IW-Experte Michael Voigtländer
So riskant ist der deutsche Immobilienmarkt
Michael Voigtländer leitet das Kompetenzfeld Finanzmärkte und Immobilienmärkte beim Institut der deutschen Wirtschaft in Köln. Foto: Institut der deutschen Wirtschaft
Die Bundesanstalt für Finanzdienstleistungsaufsicht (Bafin) beobachtet die Vergabe von Wohnimmobilienkrediten in Deutschland inzwischen sehr kritisch. Was steckt dahinter? Michael Voigtländer und Jonas Zdrzalek vom Institut der deutschen Wirtschaft in Köln haben den Wohnungs- und Häusermarkt untersucht.
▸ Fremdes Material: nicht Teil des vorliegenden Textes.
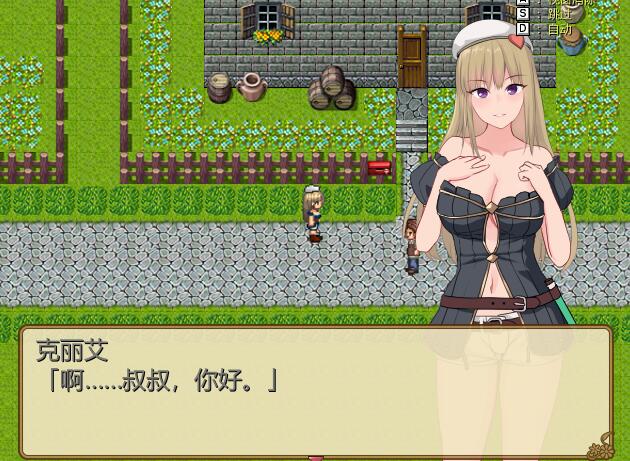 [RPG/电脑]克丽叶的炼金学园生活Ver3.1~AI翻中文版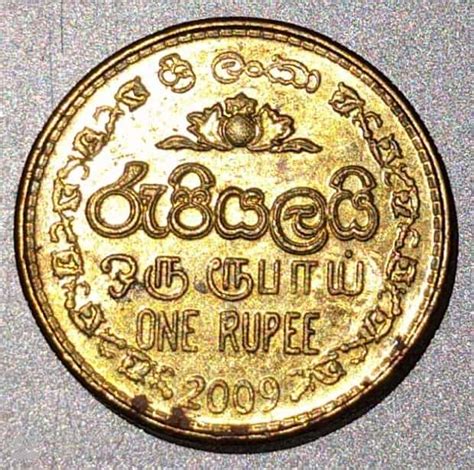 SRI LANKA One Rupee National Emblem 1975 2013 UNC 1329 Coinswala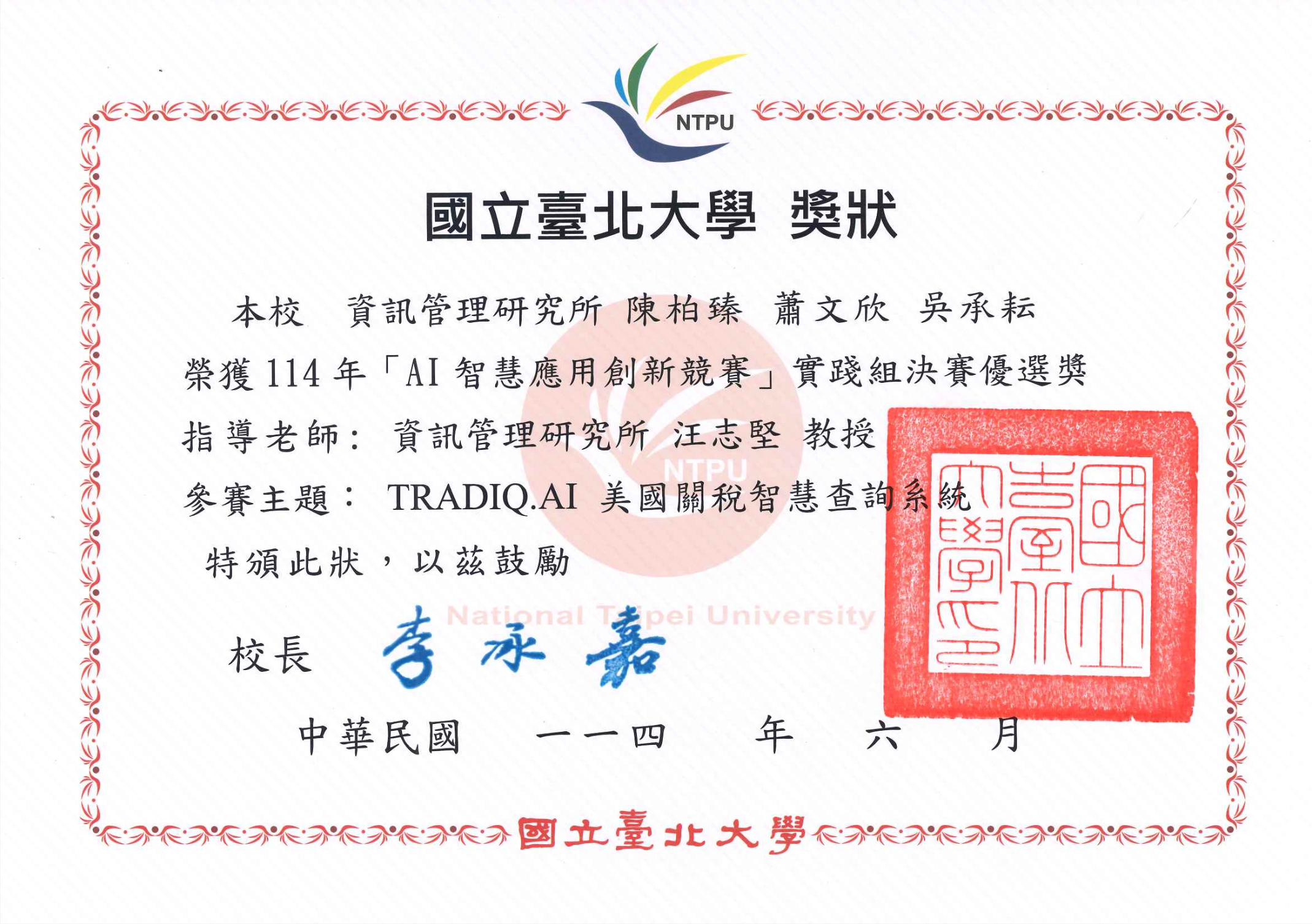 2025 The 3rd NTPU AI Smart Application Innovation Competition Excellence Award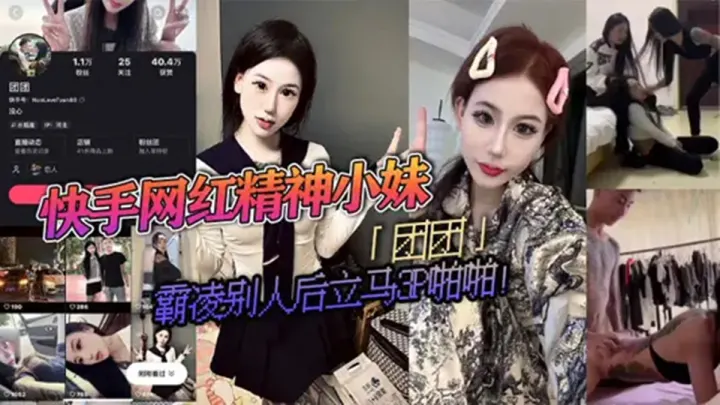 快手精神小妹【团团】霸凌啪啪视频流出！（纹身石锤）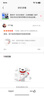 酷澤爾【2025新款丨云感佩戴】藍(lán)牙耳機(jī)耳夾式骨傳導(dǎo)概念無(wú)線運(yùn)動(dòng)跑步降噪不入耳KT01耳夾耳機(jī) 午夜黑丨柏林之聲720°全景音效 38H續(xù)航丨三頻定向不漏音 曬單實(shí)拍圖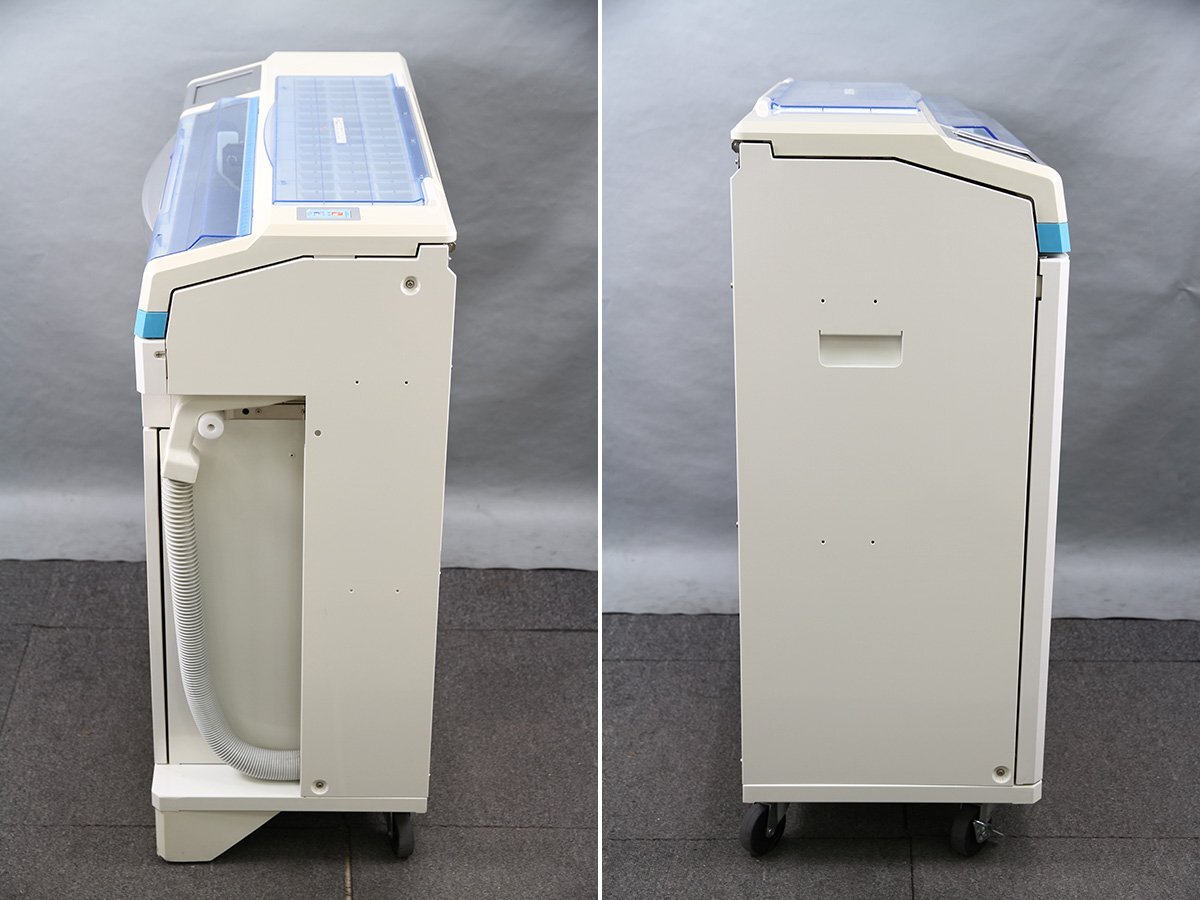 Canon AX45f Pill and Powder Packaging Machine [v1242995613]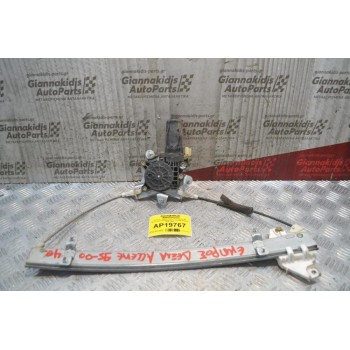 Γρύλλος - Μηχανισμός Παραθύρου Με Μοτέρ Εμπρός Δεξιά 2pins Hyundai Accent 1997-1999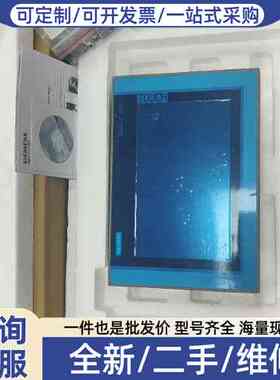 议价6AV2124-0JC01-0AX0 TP900精智面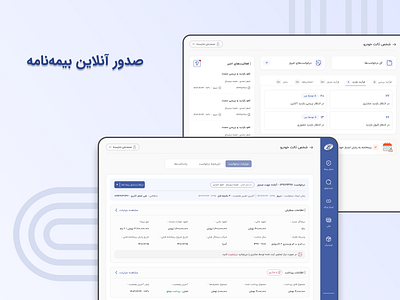 Insurance - Panel dashboard form image insurance panel portal product design tab ui upload image ux visual design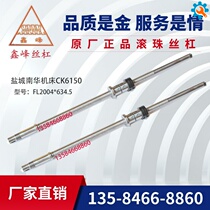 Yancheng Nanhua CNC CK6136X Axis Ball Screw 2004*634 Yancheng Nanhua Machine Tool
Demnach konnte ein durchschnittlicher Haushalt, der im Jahr 2021 einen Immobilienkredit abgeschlossen hat, den Kauf zu einem Zinssatz von 1,21 Prozent tätigen (Abbildung 5). Nach der durchschnittlichen Sollzinsbindung von 14 Jahren und einer durchschnittlichen Tilgung von 3,04 Prozent beträgt die Restschuld am Ende der Zinsbindung 43 Prozent des Kaufpreises. Liegt dann der Zins für die Anschlussfinanzierung unter 2,9 Prozent, so liegt die absolute Kreditbelastung aus Zins und Tilgung bei einer Laufzeit von weiteren 16 Jahren unterhalb des Werts bei Kreditabschluss.
Die Risiken können für die Haushalte als moderat bewertet werden, zumal keine Einkommenssteigerungen berücksichtigt sind. Für die Banken entsteht nur dann ein Risiko, wenn erstens die Kreditbelastung für den Haushalt nicht mehr tragbar ist und zweitens der Verkaufspreis für die Immobilie nicht ausreicht, die Restschuld zu decken. Dies würde nur dann gelten, wenn der Immobilienpreis um mehr als 50 Prozent seit Kreditabschluss gefallen wäre – selbst bei einem Crash am Immobilienmarkt stellt dies derzeit kein realistisches Szenario dar.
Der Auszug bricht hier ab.